2. De rechtbank heeft in de aangevallen uitspraak het beroep van appellant ongegrond verklaard.
3.1.
Het Uwv heeft erkend dat er voor de afwijkingen van appellant aan de rechterhand in medische zin geen behandelmogelijkheden meer zijn, maar heeft gesteld dat de verzekeringsarts bezwaar en beroep van mening is dat een psychologische behandeling niet alleen kan leiden tot een betere psychische gesteldheid, maar ook tot een betere fysieke gesteldheid waardoor verbetering van de belastbaarheid van appellant kan optreden.

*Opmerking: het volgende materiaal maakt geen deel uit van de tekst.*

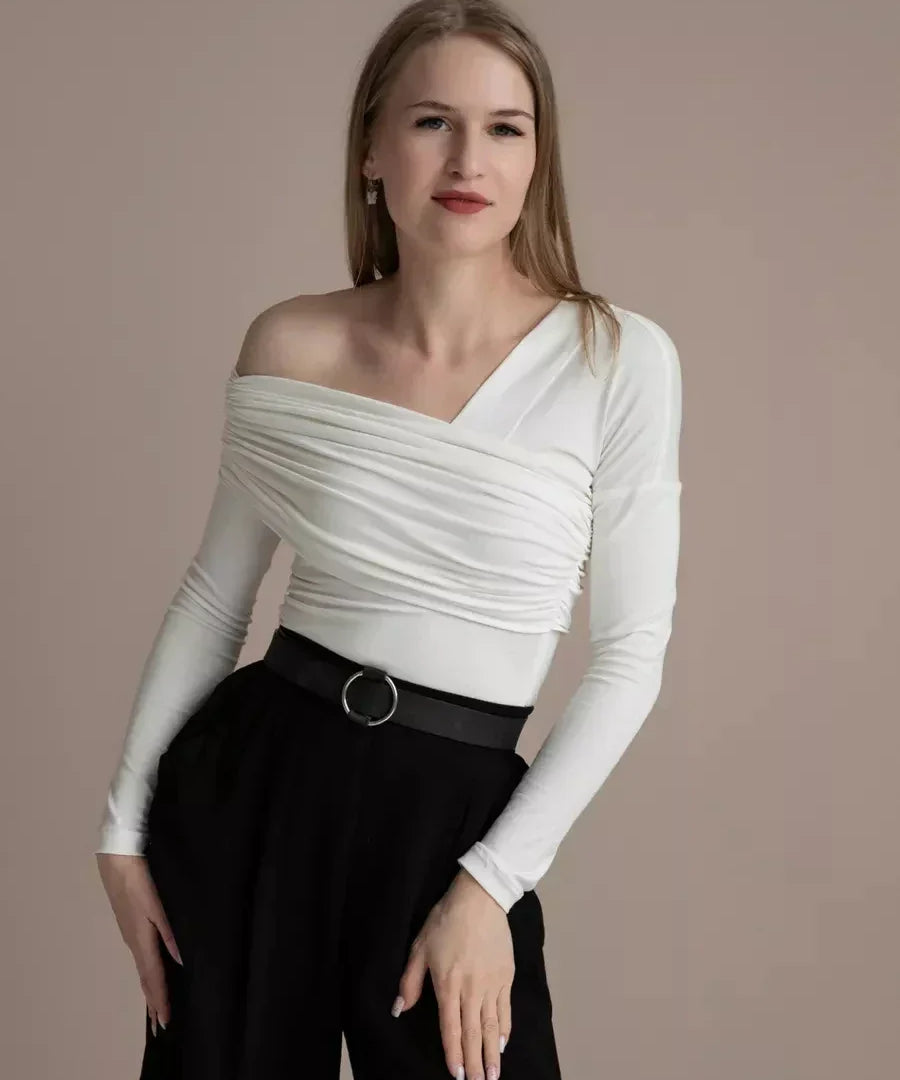 Top Clara Monroe cu un umăr
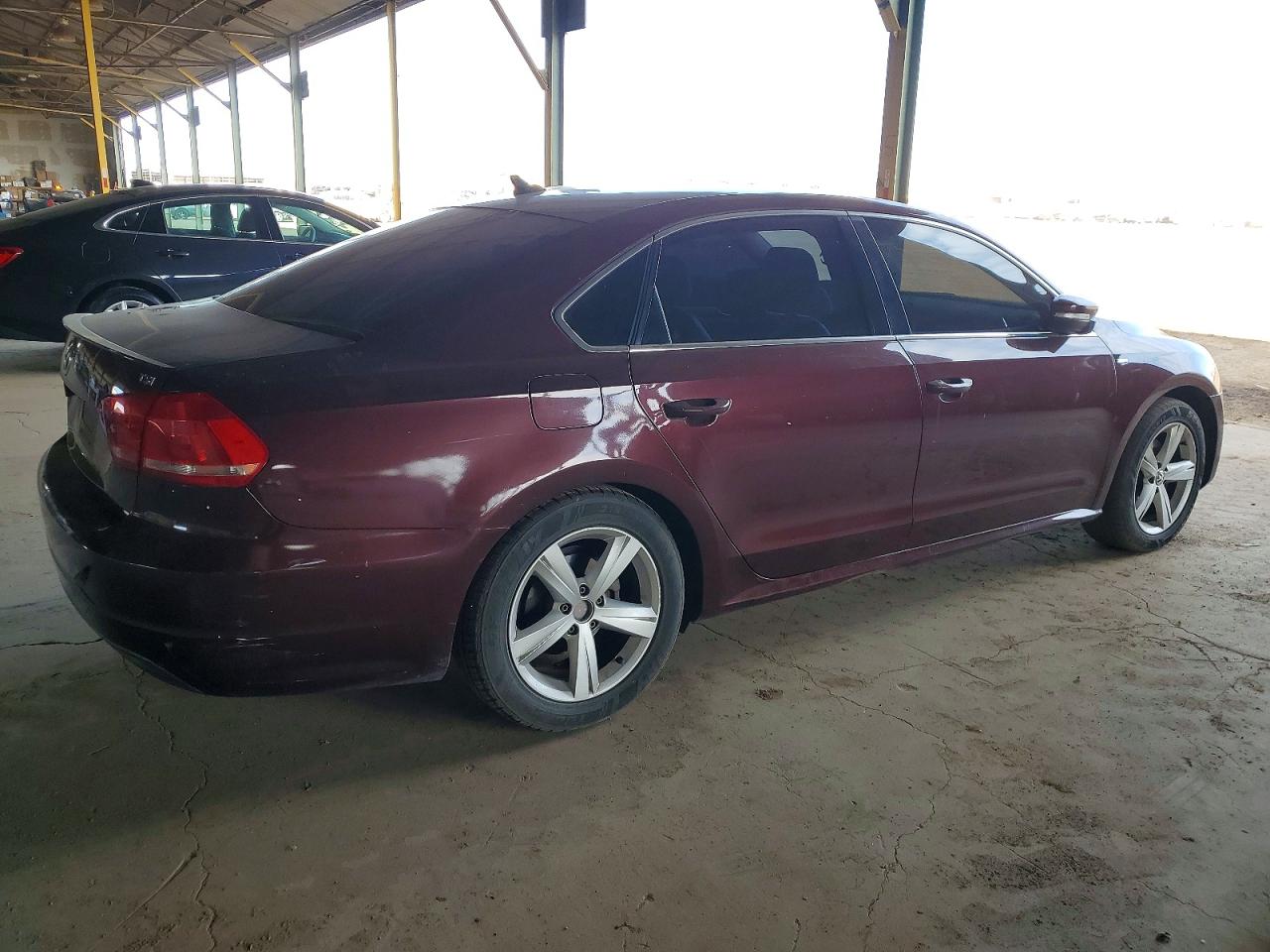 2014 VOLKSWAGEN PASSAT S photo 3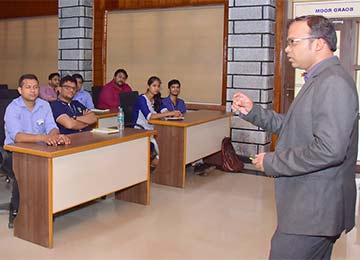  Investor Awareness Programme by Sahyadri Capital Advisors LLP for Teaching & Non-Teaching Staff 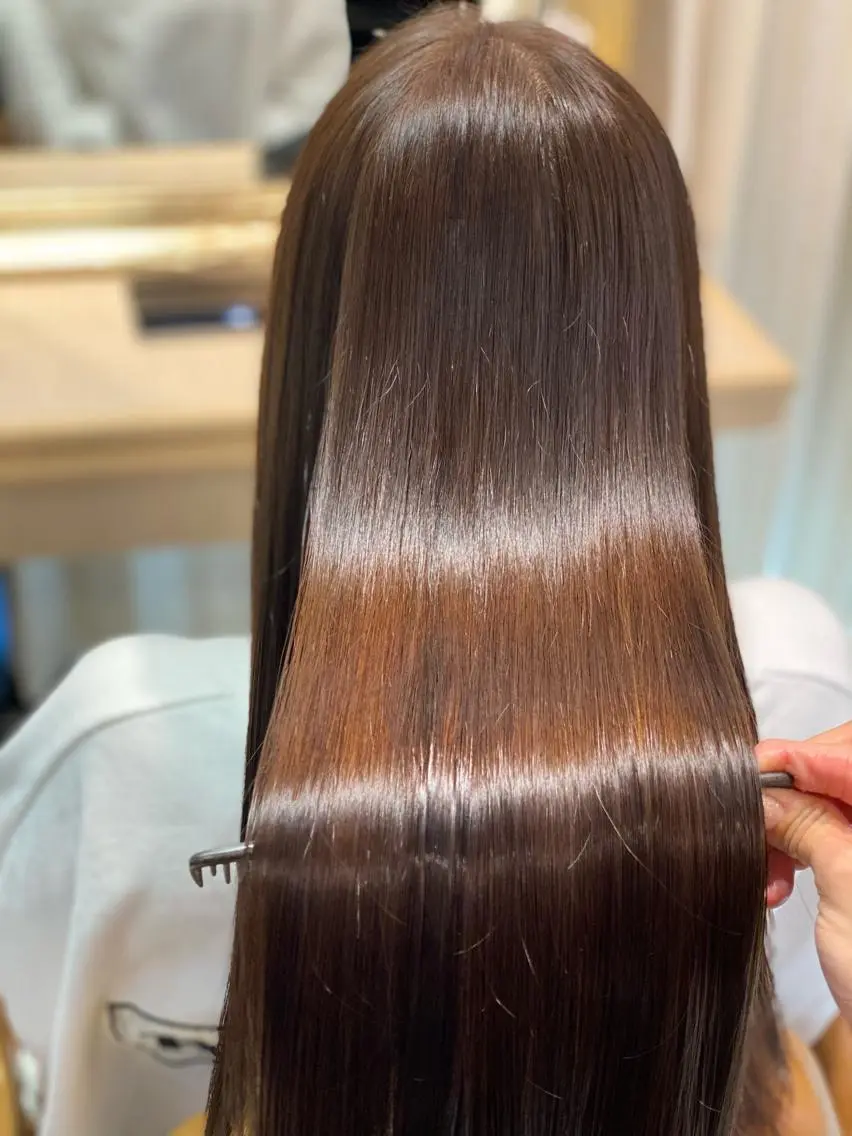 ロング ヘアカラー トリートメント 髪質改善 縮毛の達人 矢井由真のヘアスタイル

Volgens vaste rechtspraak (zie bijvoorbeeld de uitspraak van de Raad van 4 februari 2009, ECLI:NL:CRVB:2009:BH1896) dient bij een beoordeling als hier aan de orde in eerste instantie een inschatting van de mogelijkheden van appellant te worden gemaakt over het eerste jaar na de datum van herbeoordeling, dus het jaar na 27 mei 2015. Daaraan heeft het Uwv niet voldaan. Het Uwv heeft op geen enkele wijze de inschatting aannemelijk en concreet gemaakt dat de arbeidsmogelijkheden van appellant met behandeling reeds in het eerste jaar na herbeoordeling zouden toenemen. De arbeidsdeskundige heeft in zijn rapport van 2 juni 2015 te kennen gegeven dat appellant nog steeds niet geschikt is voor de maatgevende arbeid, zoals eerder verwoord is in het arbeidskundige rapport van
14 maart 2011. De functies uit de voorselectie van het CBBS waren volgens de arbeidsdeskundige alle te belastend. Overschrijdingen van de belastbaarheid hadden, zo blijkt uit het rapport, met name te maken met hoge mate van hand- en vingerbelasting, de opleidingseis en het hoog repetitief karakter van het werk. Er is daarom geen theoretische verdiencapaciteit aanwezig. De conclusie van de arbeidsdeskundige dat de combinatie van deze aspecten maakt dat geen theoretische functies geselecteerd kunnen worden is sinds de WIA-beoordeling per 8 december 2010 onveranderd gebleven. De enkele verwijzing naar de door de verzekeringsarts bezwaar en beroep te verwachten verbetering van de belastbaarheid op persoonlijk en sociaal vlak zonder ondersteunende medische stukken en zonder enige concretisering over de verbetering van de fysieke belastbaarheid kan niet als een voldoende motivering gelden.
3.2.
Zoals door het Uwv ter zitting is bevestigd, betekent het voorgaande dat het bestreden besluit een deugdelijke motivering ontbeert, zodat dit besluit, onder gegrondverklaring van het beroep daartegen, moet worden vernietigd wegens strijd met artikel 7:12, eerste lid, van de Algemene wet bestuursrecht (Awb). Eveneens is ter zitting door het Uwv bevestigd dat in redelijkheid niet te verwachten is dat het Uwv er alsnog in zal slagen om de weigering appellant een IVA-uitkering toe te kennen van een draagkrachtige motivering te voorzien. Daarin wordt aanleiding gezien om met toepassing van artikel 8:72, derde lid, van de Awb zelf in de zaak te voorzien door het besluit van 3 juni 2015 te herroepen, te bepalen dat appellant met ingang van 27 mei 2015 recht heeft op een IVA-uitkering en dat deze uitspraak in de plaats treedt van het bestreden besluit.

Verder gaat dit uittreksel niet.